> [Brief] Reproduce the whole listing below without its pictures, exactly as written.

> [Data section]
══════════════════════════════

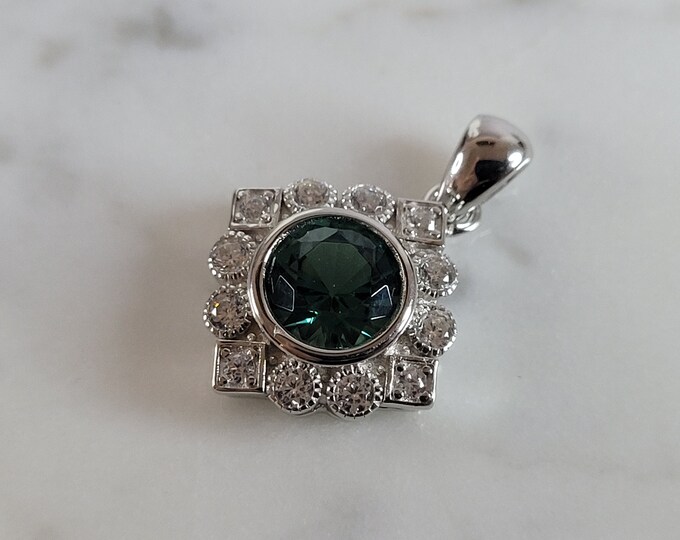 Womens Estate Sterling Silver Modernist CZ Pendant 2.7g E2485
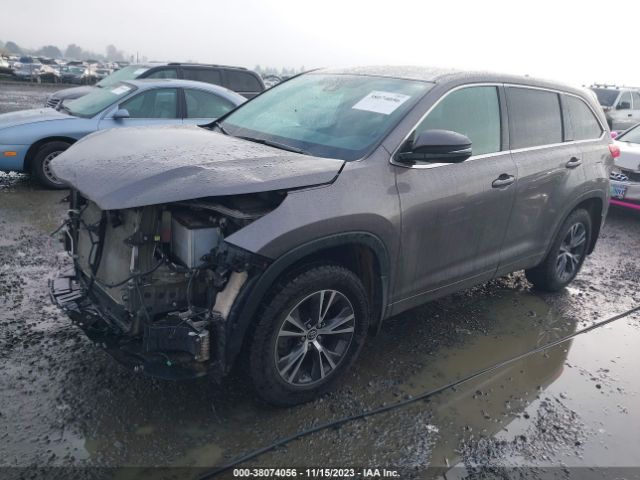 Photo 1 VIN: 5TDBZRFH0JS882852 - TOYOTA HIGHLANDER 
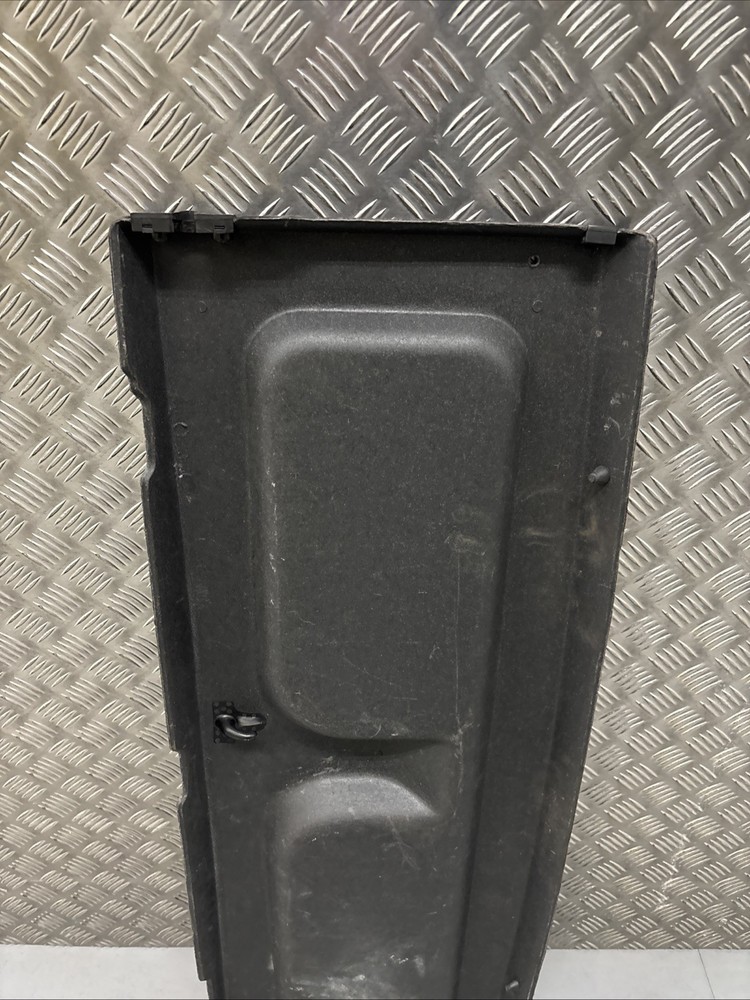 2003-2009 HYUNDAI GETZ PARCEL SHELF / LOAD COVER MISSING ONE STRAP RefB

══════════════════════════════

> [Solved exercise]
 Womens Estate Sterling Silver Modernist CZ Pendant 2.7g E2485
 Photo 1 VIN: 5TDBZRFH0JS882852 - TOYOTA HIGHLANDER 
 2003-2009 HYUNDAI GETZ PARCEL SHELF / LOAD COVER MISSING ONE STRAP RefB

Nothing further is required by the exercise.